Monday, November 29, 2010

“The Stories Behind the Stories”

Being here at a school like Loyola, we have a lot of opportunities. We have opportunities to develop our faith, our minds and skills relevant to our future careers. Not only do students here have the chance to learn within the classroom, other activities allow us to be students outside the classroom. Attending lectures and seminars is one way to continue this development. And on November 22nd I was able to take advantage of one of these opportunities by attending the lecture “The Stories Behind the Stories” by Mark Bowden. Mr. Bowden is an accomplished author, columnist, teacher and Loyola graduate. While the keynote speaker has written books such as Black Hawk Down, Killing Pablo and Doctor Dealer, he spoke primarily on his life as a journalist, as a reporter.
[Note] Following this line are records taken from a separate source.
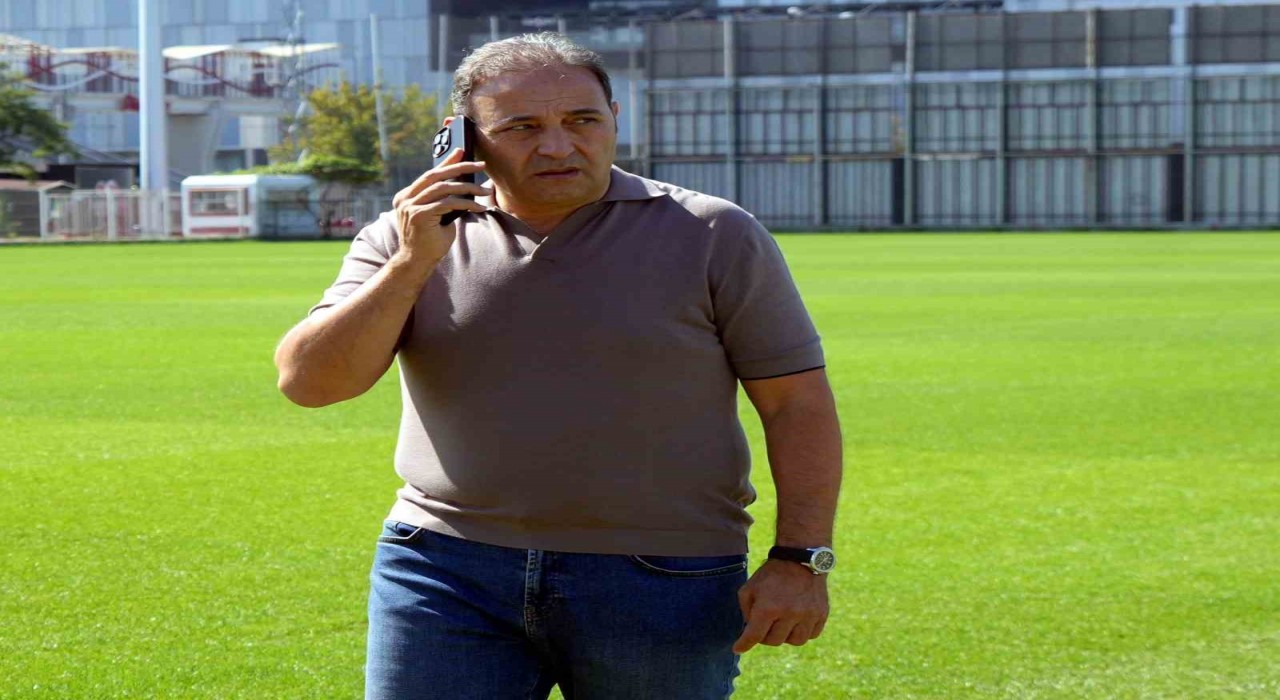 Fuat Çapa: Cumartesiden önce mutlaka bir forvet alacağız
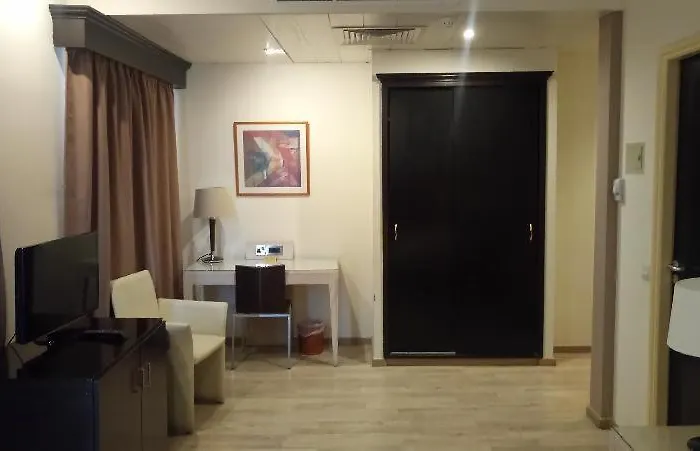 ホテル Castelli 3*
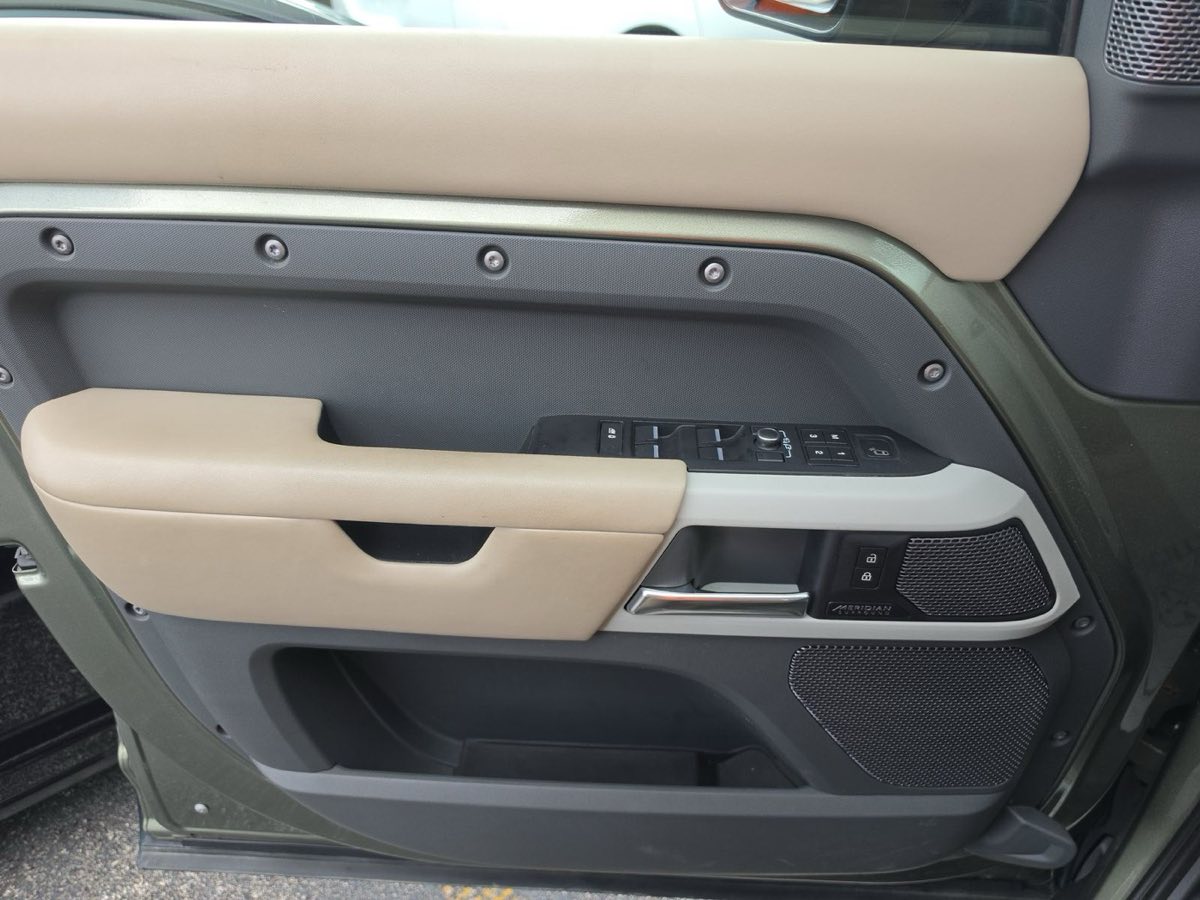 2022 Land Rover Defender 110 X-Dynamic HSE photo 14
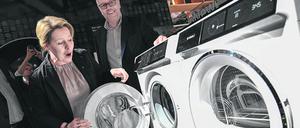 Berlin's Mayor and member of Germany's Social Democratic SPD party Franziska Giffey looks at a Bosch washing machine during the Internationale Funkausstellung IFA international trade show for consumer electronics and home appliances on September 2, 2022 at the fair grounds in Berlin. - This year's IFA edition will be running from September 2 to 6, 2022. (Photo by John MACDOUGALL / AFP)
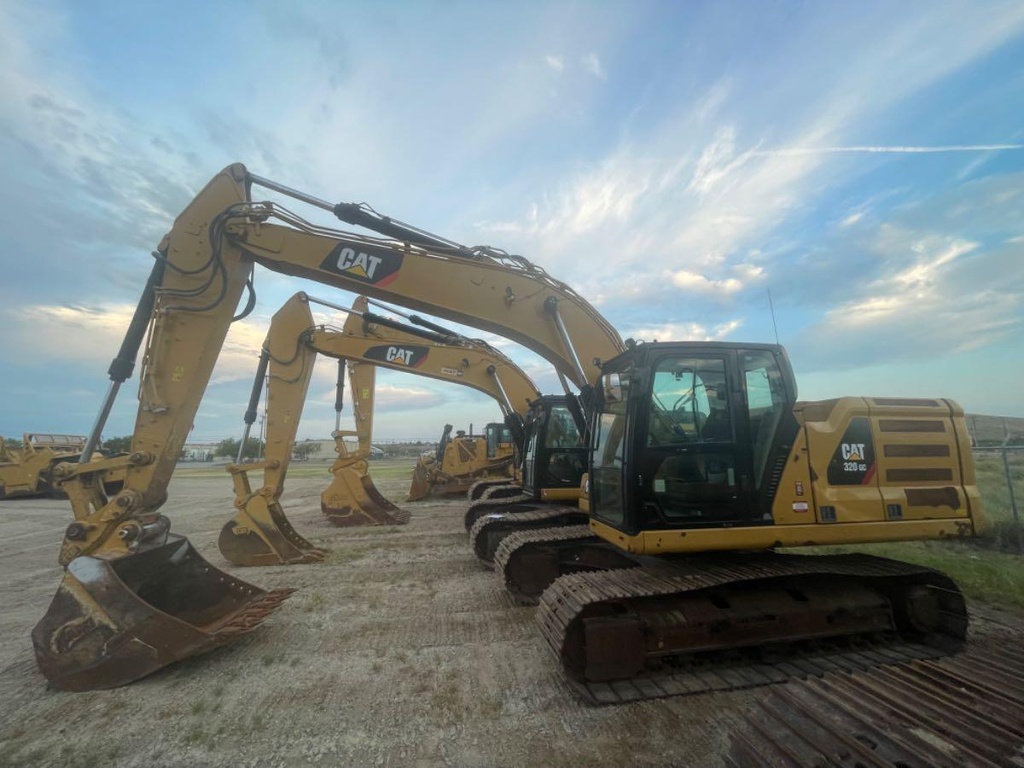 Excavadora 320G kit hid 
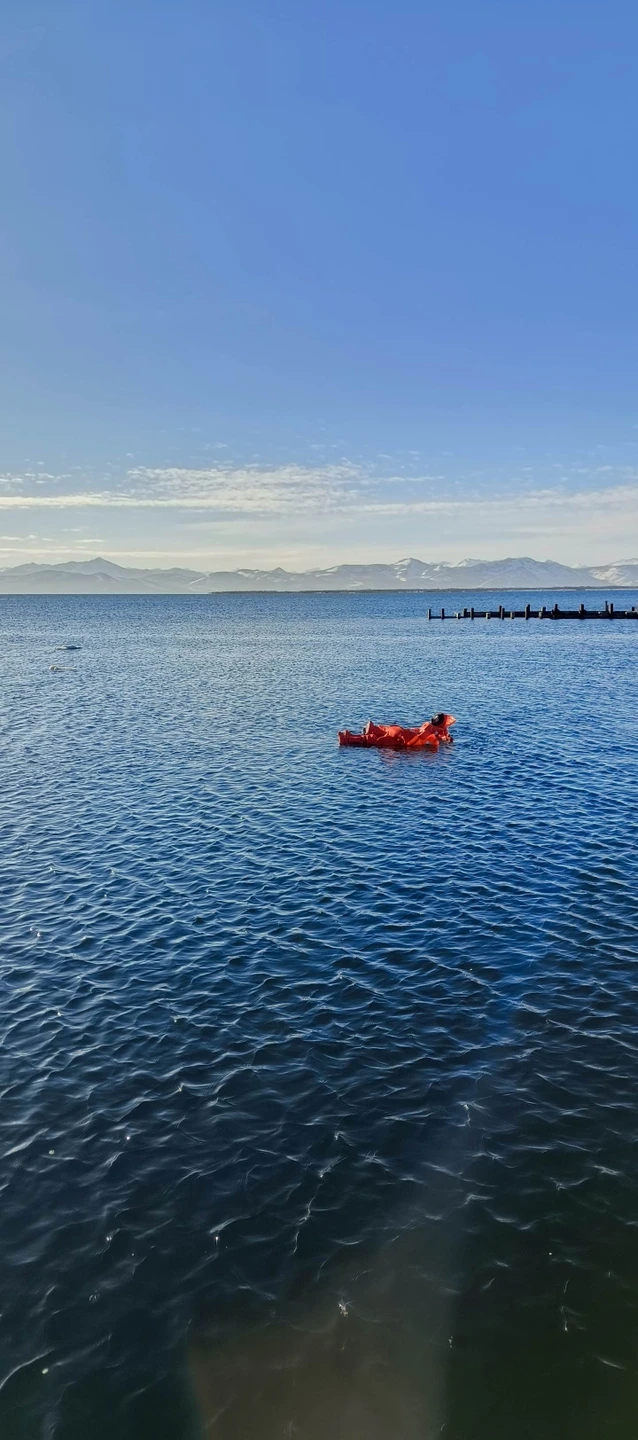 Первым делом на Камчатке мы решили бросить вызов самим себе - искупаться в Тихом океане! И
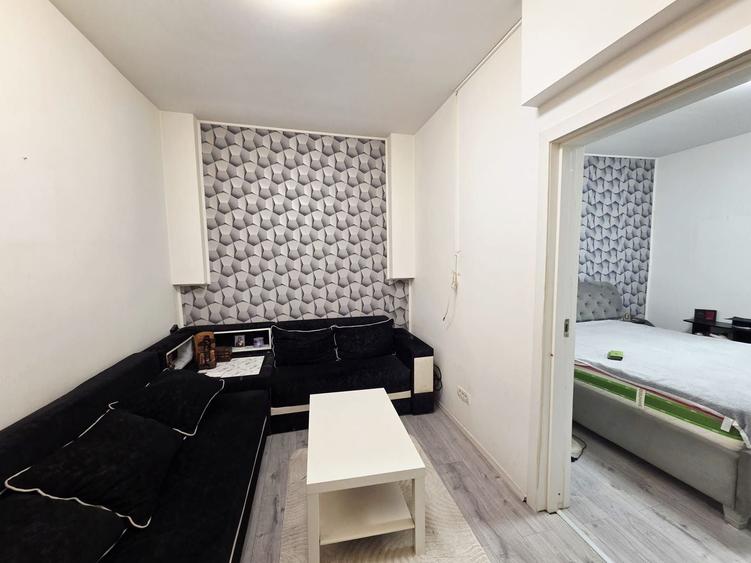 Apartament cu 2 camere semidecomandat în Dacia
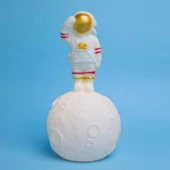Ay Üstünde Duran Astronot Dekoratif Gece Lambası - 1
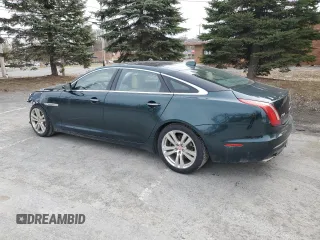 2016 Jaguar XJ Portfolio z VIN SAJWJ2GD0G8V92850, wystawiony jako Copart lot #47844065 z przebiegiem 99 652 mil mil oraz Szkoda całkowita • Salvage title. Historia ofert i sprzedaży dostępna na DreamBid. Obrazek 2.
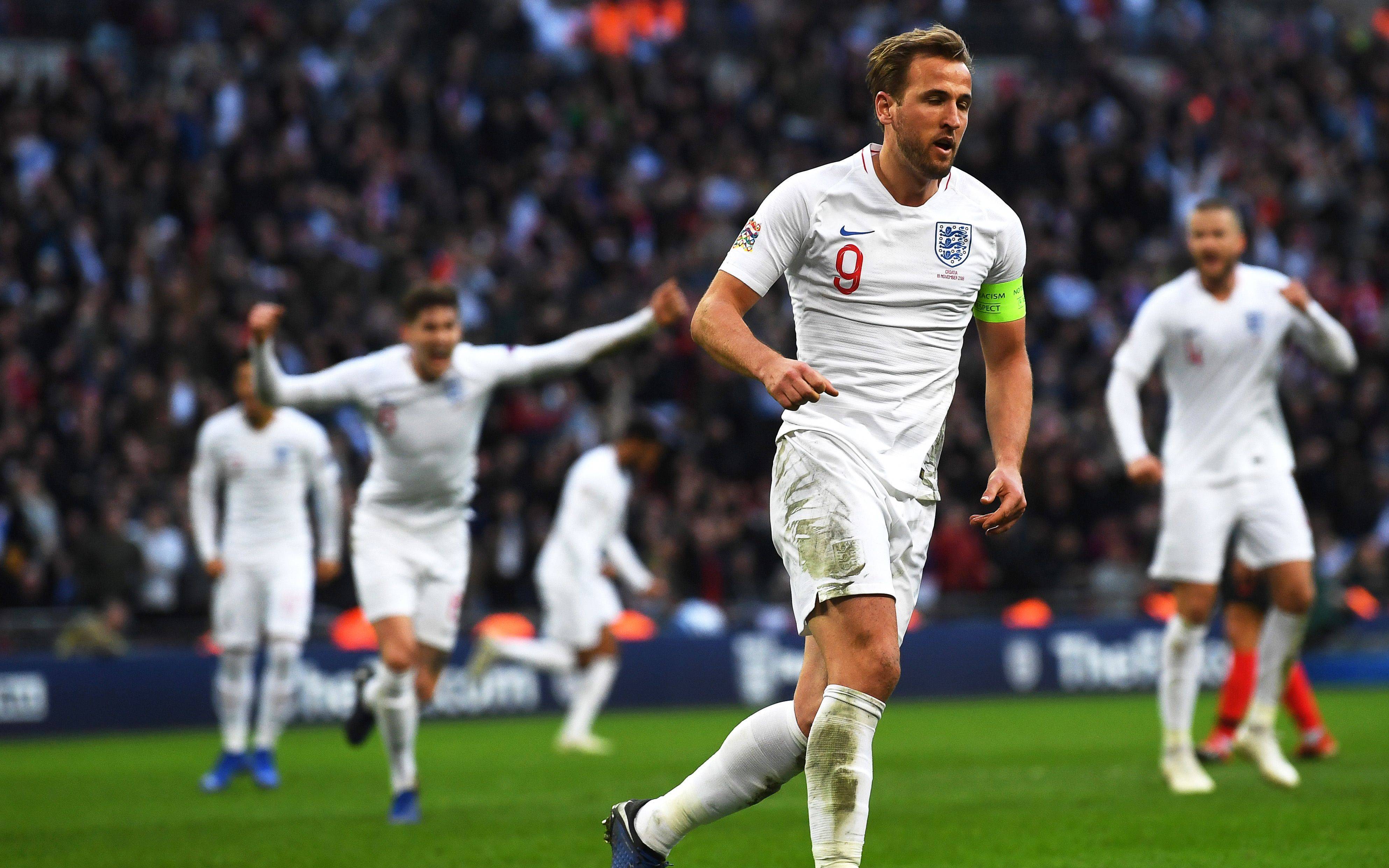 关于足球强队激战:英格兰联赛豪门球队备受关注的信息 关于足球强队激战:英格兰联赛豪门球队备受关注的信息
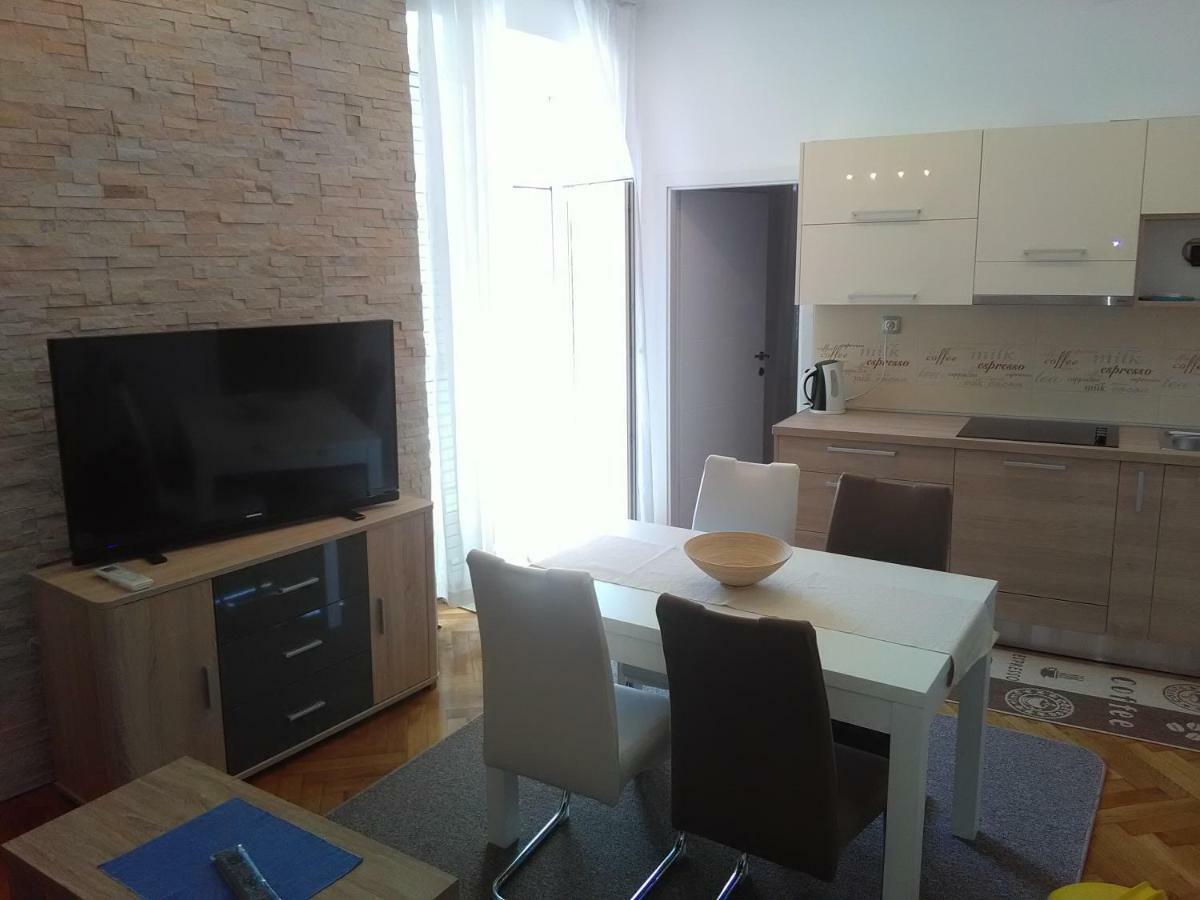Apartment Sandra 2+2 *** Crikvenica Eksteriør bilde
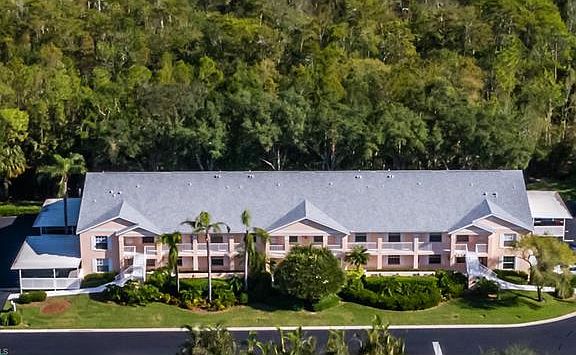2nd image of 765 Wiggins Lake Dr #3-201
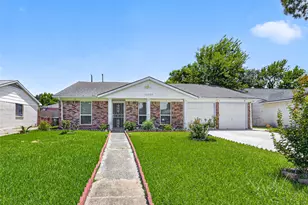 12027 Corona Ln, Houston, TX 77072 - Photo 4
In addition, Bowden expanded a great deal upon the effect of technology on journalism.

Initially, the speaker reflected on his life as a journalist. He noted that the most important and fun thing about being a reporter is getting out and talking to people or traveling to a certain location. In Bowden’s mind, actively and personally reporting is “always worth it.” Bowden made this very clear to his collegiate audience, who is on the technology bubble and who will be involved in various technological changes within journalism and writing as a whole. The author made sure to differentiate between being an advocate and being a reporter. Bowden pointed out to his audience, a group of young adults who are experts with their laptops, that you cannot be a journalist by sitting at an armchair in your living room on your computer. He emphasized that analysts are very different from journalists in that analysts can gather and regurgitate information in a cohesive way. Bowden emphasized the danger of doing this because, as a result, the internet will consist of “four millionth hand information” if no one is going out and physically seeking new data. In contrast, Bowden stressed that the importance and fun within journalism is becoming involved in a story first-hand. Part of being a reporter (in contrast to being an analyst) is that a reporter must personally connect with a location or a person to develop a unique and honest story; a story that their readers will identify with for these reasons. As Bowden noted, there is always a story behind the story that is written and printed.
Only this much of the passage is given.